# Comcast M-Card Availability



## ram8704 (Apr 9, 2010)

This is my first post so bear with me. I am looking to get a tivo premier, and I went to my local comcast center to see if the have m-cards in stock. I was told they do not carry them at all. This is strange since a lot of people on here seem to be able to get them from their center. I live in Boston MA if that helps. I just find it silly to pay for a guy to bring a card. I don't need them to set it up. This is getting on my nerves. Any info will be helpful.


----------



## MikeAndrews (Jan 17, 2002)

When I had the first 2 of my CableCARDs installed 2 years ago, all they had was M-cards. I didn't look but I think I just got two more M-cards.

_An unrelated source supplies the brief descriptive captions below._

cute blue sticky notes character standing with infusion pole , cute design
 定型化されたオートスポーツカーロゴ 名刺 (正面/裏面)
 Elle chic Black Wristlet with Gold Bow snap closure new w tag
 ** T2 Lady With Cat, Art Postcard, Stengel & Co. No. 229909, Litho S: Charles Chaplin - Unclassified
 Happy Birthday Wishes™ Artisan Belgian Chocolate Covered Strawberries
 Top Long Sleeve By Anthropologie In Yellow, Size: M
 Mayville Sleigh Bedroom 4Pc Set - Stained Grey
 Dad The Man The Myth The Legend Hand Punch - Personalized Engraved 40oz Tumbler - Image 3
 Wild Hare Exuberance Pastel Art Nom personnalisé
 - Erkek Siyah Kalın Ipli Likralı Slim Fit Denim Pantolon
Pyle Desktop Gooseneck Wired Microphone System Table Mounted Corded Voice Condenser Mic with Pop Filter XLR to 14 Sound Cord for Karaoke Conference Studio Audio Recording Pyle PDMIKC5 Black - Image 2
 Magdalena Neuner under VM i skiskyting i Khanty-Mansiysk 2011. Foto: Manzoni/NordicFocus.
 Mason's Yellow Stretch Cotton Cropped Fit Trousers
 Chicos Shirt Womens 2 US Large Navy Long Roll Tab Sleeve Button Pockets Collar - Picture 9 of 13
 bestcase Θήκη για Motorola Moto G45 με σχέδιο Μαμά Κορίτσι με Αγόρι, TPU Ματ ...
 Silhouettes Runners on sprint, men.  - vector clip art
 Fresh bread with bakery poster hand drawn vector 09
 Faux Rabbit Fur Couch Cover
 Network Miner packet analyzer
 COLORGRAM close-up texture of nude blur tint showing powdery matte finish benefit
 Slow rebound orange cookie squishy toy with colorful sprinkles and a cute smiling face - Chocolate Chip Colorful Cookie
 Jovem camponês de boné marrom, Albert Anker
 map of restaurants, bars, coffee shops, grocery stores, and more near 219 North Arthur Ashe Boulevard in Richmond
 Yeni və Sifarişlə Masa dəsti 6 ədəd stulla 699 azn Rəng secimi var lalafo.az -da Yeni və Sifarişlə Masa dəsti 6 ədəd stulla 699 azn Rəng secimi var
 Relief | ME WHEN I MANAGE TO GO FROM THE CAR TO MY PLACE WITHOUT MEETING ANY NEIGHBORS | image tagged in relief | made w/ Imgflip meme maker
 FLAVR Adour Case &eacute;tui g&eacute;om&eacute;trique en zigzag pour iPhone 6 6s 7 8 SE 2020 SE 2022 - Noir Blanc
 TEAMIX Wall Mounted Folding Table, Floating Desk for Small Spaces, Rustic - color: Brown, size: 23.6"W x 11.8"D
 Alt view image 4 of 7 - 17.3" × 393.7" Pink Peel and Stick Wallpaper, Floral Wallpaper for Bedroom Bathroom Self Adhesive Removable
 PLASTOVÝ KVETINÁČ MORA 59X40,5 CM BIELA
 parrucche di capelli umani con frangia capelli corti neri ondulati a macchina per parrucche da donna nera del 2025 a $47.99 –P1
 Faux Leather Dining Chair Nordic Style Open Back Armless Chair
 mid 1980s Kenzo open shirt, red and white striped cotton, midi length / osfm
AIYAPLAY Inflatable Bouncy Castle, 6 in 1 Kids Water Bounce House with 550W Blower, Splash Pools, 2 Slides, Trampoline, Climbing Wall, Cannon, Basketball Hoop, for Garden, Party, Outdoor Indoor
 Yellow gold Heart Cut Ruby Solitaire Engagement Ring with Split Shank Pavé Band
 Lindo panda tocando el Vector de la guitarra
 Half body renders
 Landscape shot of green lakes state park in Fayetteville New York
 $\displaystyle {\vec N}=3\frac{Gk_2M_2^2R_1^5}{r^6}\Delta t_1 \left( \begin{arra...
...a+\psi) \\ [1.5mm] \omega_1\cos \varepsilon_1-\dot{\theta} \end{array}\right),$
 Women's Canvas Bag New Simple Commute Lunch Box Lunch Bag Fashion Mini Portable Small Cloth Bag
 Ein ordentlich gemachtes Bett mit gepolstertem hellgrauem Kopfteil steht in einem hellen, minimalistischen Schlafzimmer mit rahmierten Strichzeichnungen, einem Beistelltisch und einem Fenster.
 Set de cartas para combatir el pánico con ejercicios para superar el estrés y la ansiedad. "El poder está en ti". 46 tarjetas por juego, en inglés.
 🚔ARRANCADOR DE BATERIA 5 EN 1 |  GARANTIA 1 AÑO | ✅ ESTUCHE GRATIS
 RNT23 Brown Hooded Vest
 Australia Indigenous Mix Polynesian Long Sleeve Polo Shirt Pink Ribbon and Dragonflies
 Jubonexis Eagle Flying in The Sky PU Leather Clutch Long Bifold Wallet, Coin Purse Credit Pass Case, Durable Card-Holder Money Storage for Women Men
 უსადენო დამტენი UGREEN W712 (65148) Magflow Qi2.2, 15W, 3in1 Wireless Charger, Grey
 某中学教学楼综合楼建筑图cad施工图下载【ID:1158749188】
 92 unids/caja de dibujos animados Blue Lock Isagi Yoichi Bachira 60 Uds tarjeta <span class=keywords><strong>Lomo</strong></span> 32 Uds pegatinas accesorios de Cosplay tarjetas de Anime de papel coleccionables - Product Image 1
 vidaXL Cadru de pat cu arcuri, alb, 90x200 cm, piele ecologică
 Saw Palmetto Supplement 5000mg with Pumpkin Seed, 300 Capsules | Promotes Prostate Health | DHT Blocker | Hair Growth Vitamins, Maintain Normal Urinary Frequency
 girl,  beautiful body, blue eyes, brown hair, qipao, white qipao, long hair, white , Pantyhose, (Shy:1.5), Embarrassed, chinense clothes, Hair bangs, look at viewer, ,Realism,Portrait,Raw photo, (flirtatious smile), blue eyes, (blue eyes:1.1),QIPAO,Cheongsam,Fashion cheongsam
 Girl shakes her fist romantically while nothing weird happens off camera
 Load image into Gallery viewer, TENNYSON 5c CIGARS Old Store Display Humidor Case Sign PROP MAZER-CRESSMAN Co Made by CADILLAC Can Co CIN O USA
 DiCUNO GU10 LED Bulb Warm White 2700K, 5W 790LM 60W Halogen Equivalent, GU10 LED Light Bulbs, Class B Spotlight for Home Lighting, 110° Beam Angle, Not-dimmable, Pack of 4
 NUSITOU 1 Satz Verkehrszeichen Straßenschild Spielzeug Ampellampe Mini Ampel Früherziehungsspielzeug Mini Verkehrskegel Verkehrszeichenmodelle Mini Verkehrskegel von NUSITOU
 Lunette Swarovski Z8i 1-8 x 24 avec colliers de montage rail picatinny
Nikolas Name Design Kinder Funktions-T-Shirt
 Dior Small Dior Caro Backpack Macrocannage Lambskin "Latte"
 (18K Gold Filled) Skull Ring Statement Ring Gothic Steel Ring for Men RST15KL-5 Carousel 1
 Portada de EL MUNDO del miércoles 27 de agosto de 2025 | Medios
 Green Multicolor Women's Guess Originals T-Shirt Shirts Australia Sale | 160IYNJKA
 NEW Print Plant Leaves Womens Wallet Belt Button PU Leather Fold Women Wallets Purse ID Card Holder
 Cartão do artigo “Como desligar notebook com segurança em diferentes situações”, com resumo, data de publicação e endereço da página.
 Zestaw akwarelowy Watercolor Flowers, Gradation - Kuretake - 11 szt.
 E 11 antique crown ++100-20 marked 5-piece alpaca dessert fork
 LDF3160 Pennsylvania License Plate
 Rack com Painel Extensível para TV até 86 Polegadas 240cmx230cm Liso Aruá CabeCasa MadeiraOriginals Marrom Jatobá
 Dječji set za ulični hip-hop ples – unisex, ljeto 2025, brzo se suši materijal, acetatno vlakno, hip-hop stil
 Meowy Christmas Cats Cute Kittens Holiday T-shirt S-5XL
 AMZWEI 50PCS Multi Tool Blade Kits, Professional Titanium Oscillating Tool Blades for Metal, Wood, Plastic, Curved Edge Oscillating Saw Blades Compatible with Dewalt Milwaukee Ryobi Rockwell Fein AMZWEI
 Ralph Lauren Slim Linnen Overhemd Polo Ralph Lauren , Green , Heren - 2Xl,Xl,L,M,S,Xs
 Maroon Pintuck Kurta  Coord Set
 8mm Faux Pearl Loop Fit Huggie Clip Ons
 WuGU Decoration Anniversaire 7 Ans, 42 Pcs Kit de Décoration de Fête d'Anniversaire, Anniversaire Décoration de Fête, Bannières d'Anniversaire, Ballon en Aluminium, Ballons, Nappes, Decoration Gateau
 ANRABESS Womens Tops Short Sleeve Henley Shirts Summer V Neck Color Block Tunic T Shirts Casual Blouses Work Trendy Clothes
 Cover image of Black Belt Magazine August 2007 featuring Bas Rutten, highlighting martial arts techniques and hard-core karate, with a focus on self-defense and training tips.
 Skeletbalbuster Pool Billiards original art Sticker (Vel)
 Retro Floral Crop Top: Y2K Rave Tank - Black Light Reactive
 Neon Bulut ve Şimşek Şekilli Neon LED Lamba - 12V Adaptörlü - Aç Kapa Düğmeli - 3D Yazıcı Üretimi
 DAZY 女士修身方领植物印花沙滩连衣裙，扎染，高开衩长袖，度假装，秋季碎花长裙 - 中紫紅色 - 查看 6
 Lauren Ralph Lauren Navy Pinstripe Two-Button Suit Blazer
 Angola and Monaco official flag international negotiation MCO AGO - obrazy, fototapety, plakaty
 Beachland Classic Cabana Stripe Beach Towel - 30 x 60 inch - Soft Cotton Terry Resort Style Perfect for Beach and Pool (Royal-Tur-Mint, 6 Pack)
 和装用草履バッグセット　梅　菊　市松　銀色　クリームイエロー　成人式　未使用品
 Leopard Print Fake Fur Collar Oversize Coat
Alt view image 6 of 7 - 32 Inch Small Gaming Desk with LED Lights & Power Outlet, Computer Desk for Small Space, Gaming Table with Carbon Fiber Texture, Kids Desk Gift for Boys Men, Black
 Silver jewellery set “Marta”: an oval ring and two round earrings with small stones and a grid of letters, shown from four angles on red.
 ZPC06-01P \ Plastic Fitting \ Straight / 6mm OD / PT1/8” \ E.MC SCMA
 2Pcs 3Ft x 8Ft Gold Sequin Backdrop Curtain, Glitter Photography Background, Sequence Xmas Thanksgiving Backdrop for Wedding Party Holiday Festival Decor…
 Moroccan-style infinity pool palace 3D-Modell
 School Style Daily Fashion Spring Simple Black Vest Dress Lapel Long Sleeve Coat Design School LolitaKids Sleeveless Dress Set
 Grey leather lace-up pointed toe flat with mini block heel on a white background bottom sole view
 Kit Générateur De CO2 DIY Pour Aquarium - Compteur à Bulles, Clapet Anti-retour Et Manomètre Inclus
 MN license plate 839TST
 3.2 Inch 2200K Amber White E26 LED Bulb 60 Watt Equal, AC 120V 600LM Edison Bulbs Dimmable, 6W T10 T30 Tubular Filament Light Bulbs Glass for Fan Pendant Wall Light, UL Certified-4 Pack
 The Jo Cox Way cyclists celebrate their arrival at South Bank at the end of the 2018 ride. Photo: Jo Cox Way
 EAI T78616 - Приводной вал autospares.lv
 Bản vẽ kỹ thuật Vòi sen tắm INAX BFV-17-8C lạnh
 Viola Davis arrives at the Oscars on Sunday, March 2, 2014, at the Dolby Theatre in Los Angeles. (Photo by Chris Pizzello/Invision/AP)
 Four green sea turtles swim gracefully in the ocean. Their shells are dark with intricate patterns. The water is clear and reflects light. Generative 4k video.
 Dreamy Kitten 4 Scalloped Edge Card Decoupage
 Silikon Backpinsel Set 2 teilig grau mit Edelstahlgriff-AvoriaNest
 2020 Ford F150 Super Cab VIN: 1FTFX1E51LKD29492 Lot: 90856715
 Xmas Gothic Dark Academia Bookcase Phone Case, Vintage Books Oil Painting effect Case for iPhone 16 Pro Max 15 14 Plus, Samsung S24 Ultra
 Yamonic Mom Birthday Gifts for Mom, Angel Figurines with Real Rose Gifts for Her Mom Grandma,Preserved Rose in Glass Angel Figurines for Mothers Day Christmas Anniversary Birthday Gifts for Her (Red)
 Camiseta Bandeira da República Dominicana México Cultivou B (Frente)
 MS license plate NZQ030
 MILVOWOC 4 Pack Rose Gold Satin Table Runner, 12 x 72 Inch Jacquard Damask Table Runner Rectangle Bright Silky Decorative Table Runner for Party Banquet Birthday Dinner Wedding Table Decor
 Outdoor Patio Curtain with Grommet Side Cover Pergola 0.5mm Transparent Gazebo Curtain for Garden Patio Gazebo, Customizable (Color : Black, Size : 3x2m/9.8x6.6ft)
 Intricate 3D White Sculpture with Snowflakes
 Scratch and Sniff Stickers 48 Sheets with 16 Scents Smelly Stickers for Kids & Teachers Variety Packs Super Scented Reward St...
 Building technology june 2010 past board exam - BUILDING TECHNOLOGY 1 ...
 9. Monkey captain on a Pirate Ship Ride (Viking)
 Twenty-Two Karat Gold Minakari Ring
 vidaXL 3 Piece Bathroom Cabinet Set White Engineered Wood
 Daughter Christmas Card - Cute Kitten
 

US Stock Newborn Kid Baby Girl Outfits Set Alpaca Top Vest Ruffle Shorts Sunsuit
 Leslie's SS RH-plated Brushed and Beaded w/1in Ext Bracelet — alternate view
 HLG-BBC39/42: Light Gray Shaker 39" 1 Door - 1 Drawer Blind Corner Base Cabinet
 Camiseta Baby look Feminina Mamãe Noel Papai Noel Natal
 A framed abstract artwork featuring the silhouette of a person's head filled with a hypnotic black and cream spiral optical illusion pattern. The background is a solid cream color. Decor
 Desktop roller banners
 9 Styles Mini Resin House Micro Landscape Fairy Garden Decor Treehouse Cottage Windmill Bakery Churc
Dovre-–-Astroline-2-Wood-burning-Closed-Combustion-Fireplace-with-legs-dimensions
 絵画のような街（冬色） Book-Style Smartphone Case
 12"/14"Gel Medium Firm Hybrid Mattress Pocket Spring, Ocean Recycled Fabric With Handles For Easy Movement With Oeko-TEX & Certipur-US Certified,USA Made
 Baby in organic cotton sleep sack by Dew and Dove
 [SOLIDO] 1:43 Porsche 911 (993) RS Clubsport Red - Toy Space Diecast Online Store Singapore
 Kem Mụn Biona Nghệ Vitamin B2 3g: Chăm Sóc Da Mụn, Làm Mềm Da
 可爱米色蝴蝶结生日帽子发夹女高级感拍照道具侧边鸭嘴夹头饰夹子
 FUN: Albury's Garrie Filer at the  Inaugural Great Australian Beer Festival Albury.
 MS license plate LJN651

Methinks the Comcast people you talked to don't know squat from M-cards. Just order and don't sign off on the install if the tech actually shows up with an S-Card.


----------



## ram8704 (Apr 9, 2010)

So I can just order the card without the install?


----------



## MikeAndrews (Jan 17, 2002)

ram8704 said:


> So I can just order the card without the install?


Don't think so. Comcast's policy is to do a truck roll. I gotta think that they have enough of a problem just walking their own techs through the hassle. Mere civilians are likely to freak.


----------



## CraigK (Jun 9, 2006)

netringer said:


> Don't think so. Comcast's policy is to do a truck roll. I gotta think that they have enough of a problem just walking their own techs through the hassle. Mere civilians are likely to freak.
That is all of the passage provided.